#### DATA SECTION:
----------------------------------------

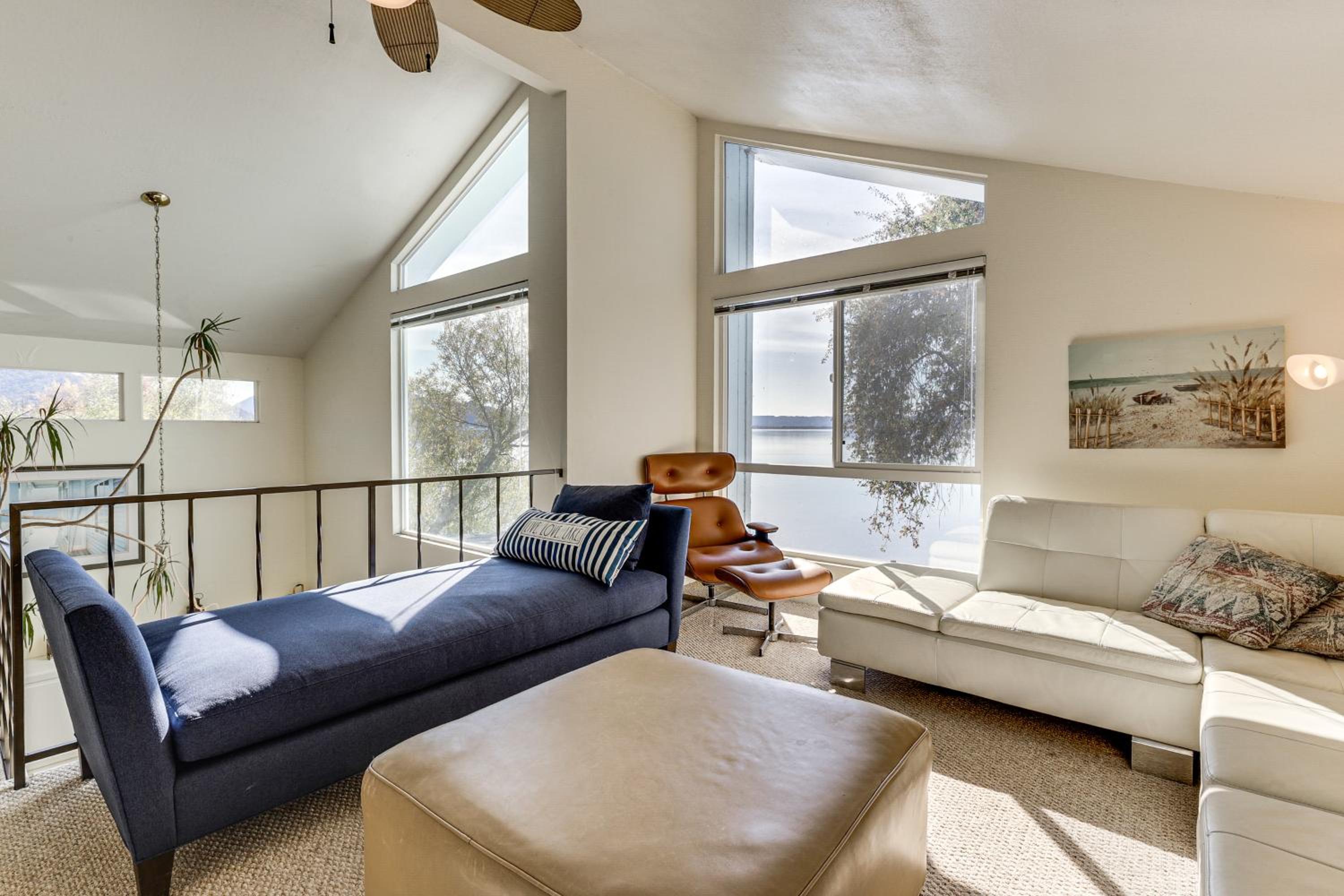 Panoramic Views! Home with Boat Slip on Clear Lake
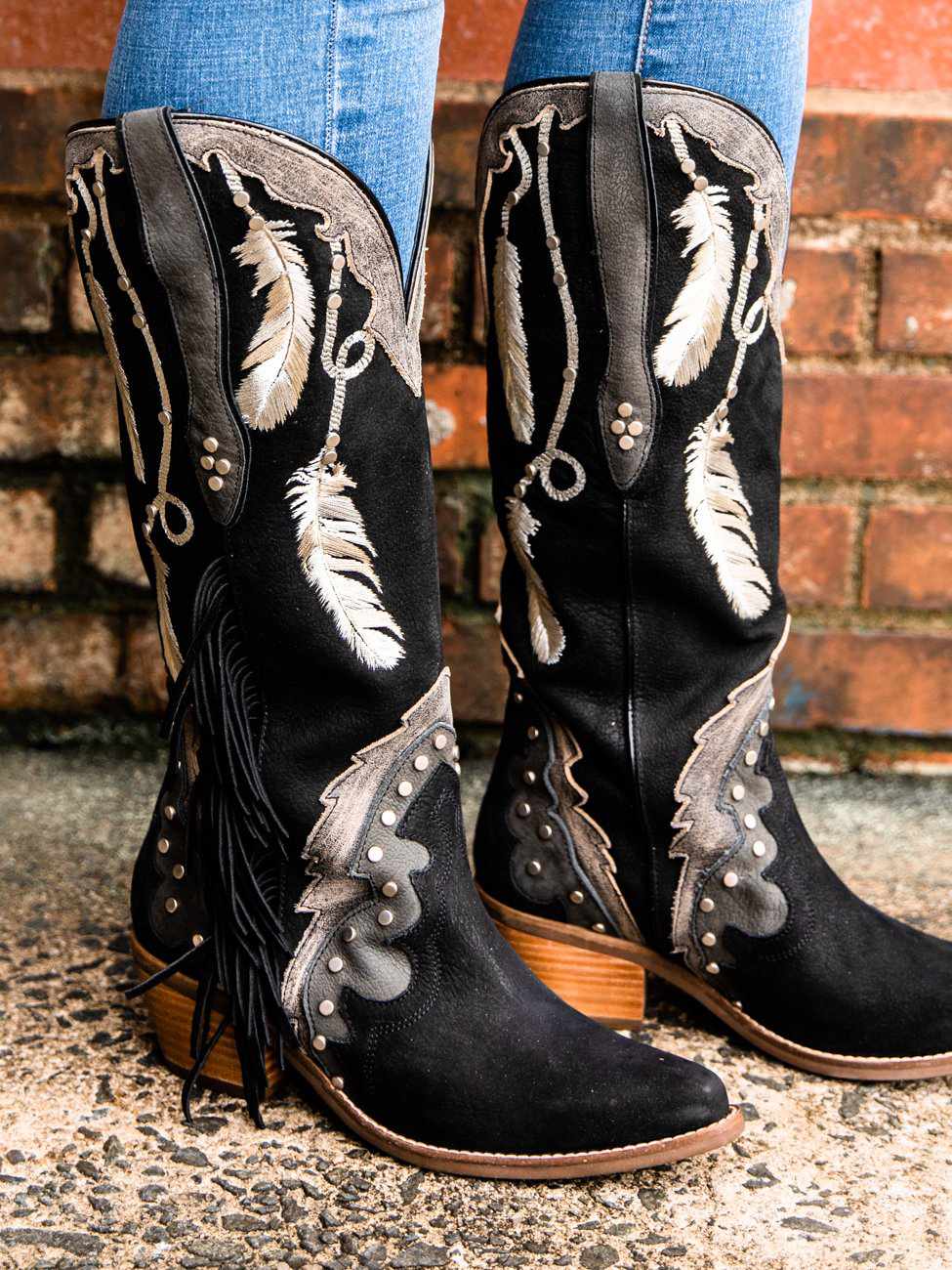 Dream Catcher Boots - Black-Boots-Southern Fried Chics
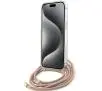 Etui Guess Crossbody Cord 4G Print GUHCP15XHC4SEP do iPhone 15 Pro Max Różowy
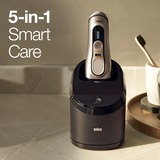 Braun Series 8 Stazione Smartcare 5 In 1, Selezione Intelligente Dei Programmi, Ricarica, Igienizza, Lubrifica E Asciuga, Compatibile Con Series 9 E , Cartucce Clean & charge Selezione Intelligente Dei Programmi, Ricarica, Igienizza, Lubrifica E Asciuga, Compatibile Con Series 9 E , Cartucce Clean & charge, Stazione di pulizia, Nero, Braun, Series 9, 8, 571 g, 127 mm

----------------------------------------

#### DESCRIPTION OF THE TASK:
Everything in the listing except the pictures must be reproduced exactly.

#### THE ANSWER:
 Panoramic Views! Home with Boat Slip on Clear Lake
 Dream Catcher Boots - Black-Boots-Southern Fried Chics
 Etui Guess Crossbody Cord 4G Print GUHCP15XHC4SEP do iPhone 15 Pro Max Różowy
 Braun Series 8 Stazione Smartcare 5 In 1, Selezione Intelligente Dei Programmi, Ricarica, Igienizza, Lubrifica E Asciuga, Compatibile Con Series 9 E , Cartucce Clean & charge Selezione Intelligente Dei Programmi, Ricarica, Igienizza, Lubrifica E Asciuga, Compatibile Con Series 9 E , Cartucce Clean & charge, Stazione di pulizia, Nero, Braun, Series 9, 8, 571 g, 127 mm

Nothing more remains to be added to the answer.